How Motherbrain works
Motherbrain uses a mix of unsupervised and supervised deep learning algorithms. Unsupervised learning algorithms find significant patterns in data without any external guidance. Supervised learning algorithms require labeled training data. If the training data contains examples of animals labeled as “cat” or “not a cat,” for example, an algorithm tries to learn the characteristics of a cat in order to predict whether new animals are cats or not.
In the case of venture capital, data can be used to allocate companies to market sectors, a basic task conducted by any VC firm. The text a startup uses to describe itself and the sectors that other people have defined can help in this process, but the data is often noisy and contradictory, especially for emerging technology and sectors. Motherbrain uses unsupervised learning to find clusters or categories of companies. EQT staff then label the companies in each cluster–for instance, identifying a cluster as containing blockchain companies–and the labeled data is used to train a supervised algorithm. Motherbrain can then automatically categorize new companies.
“That’s actually a way to yield some meaningful information from very noisy data,” says Landgren. “You can build fewer categories that have better predictive power if you train the models right based on the noisy data.”
The evolution of a company over time–and how its relevant metrics change accordingly–is also an important factor in the assessment process. A time series is a series of data points indexed in time which captures this evolution. Motherbrain can learn from time series data to predict how a company will evolve in the future, based on the performance of companies with similar metrics. “For example, did they raise money fast or slow?” says Landgren. “The web trends, the app rankings, all those different things, are actually even more interesting when you can take time series into consideration.”
Landgren is also proud of the state-of-the-art data infrastructure that EQT Ventures has built for Motherbrain. A dedicated development team of five people works closely with Google to leverage technology like Kafka, Kubernetes, Google BigQuery, and BigTable.

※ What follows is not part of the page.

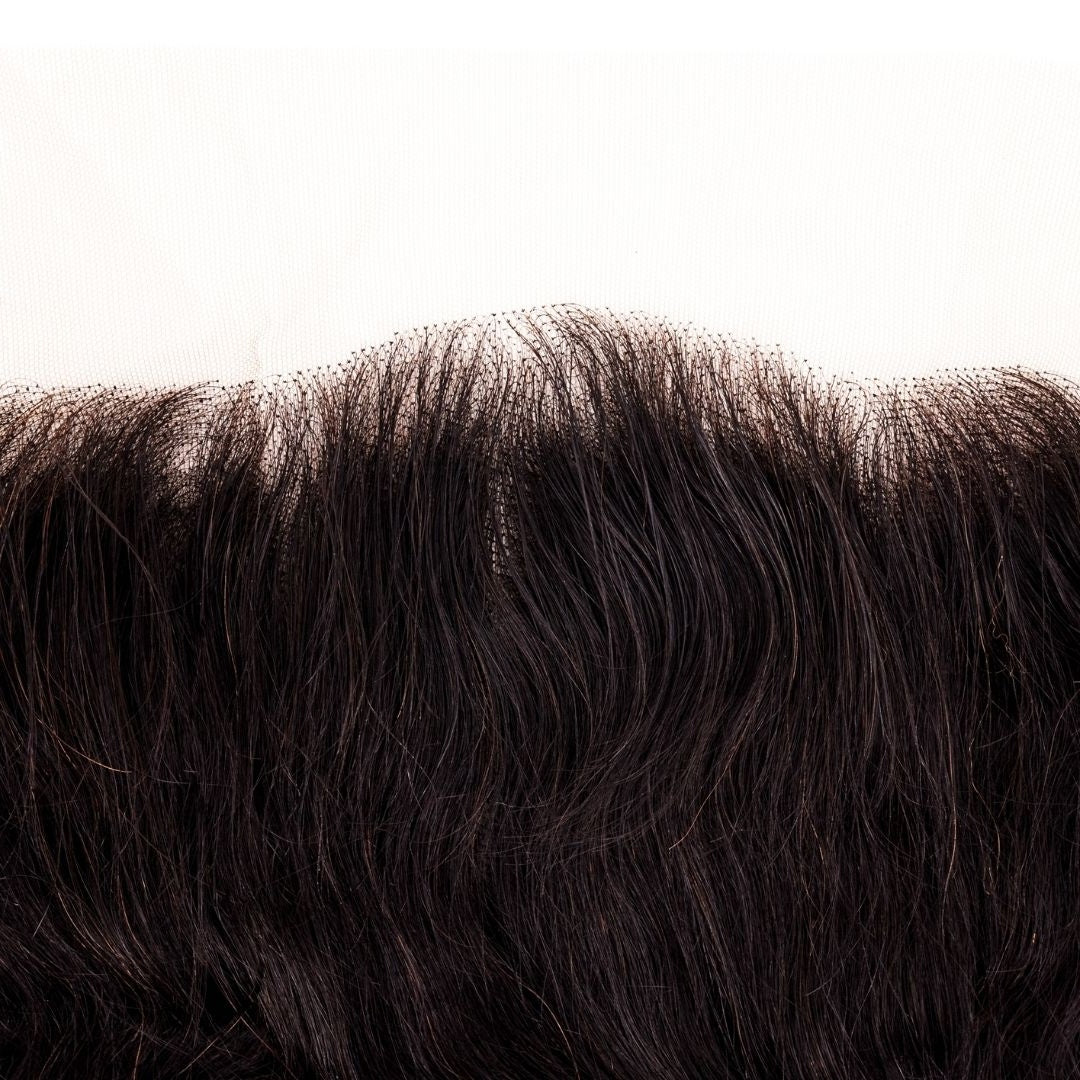 Close-up of individual knots along the frontal lace edge and the fine hairline of natural black loose wave hair extensions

“When the developers work, they’re constantly finding that they have are questions that no one else has asked yet,” says Landgren.”Then you feel like you’re really on the edge. We’re building an AI decision-making platform for decisions that involve humans and very high-volume data sets together. I think that combination is very new. We’re in the frontier.”
Big data, big problems
Motherbrain is far from perfect. Like any machine learning system, its predictions are only as good as the data it is trained on, and that data will always be incomplete and sometimes downright inaccurate. “We do see companies that have no data–they are in stealth mode–which even Motherbrain can’t see, so that’s going to be a problem,” says Landgren.
By stitching together multiple data sources EQT Ventures tries to increase the coverage of the system and the overlap between different data sources. Since the firm’s investors use Motherbrain every day, they can correct discrepancies between data sources themselves when they spot them.
Landgren is also keen to emphasize that Motherbrain is very far from making final investment decisions. “To build models where you can find great companies is great, but it’s not as if you just press a button and then you have the investment,” says Landgren. “It requires much, much more work.” Much of that work is in the traditional investor realm of building relationships. “It’s about knowing which relationships to build and when,” says Landgren. “That’s what we use Motherbrain for.”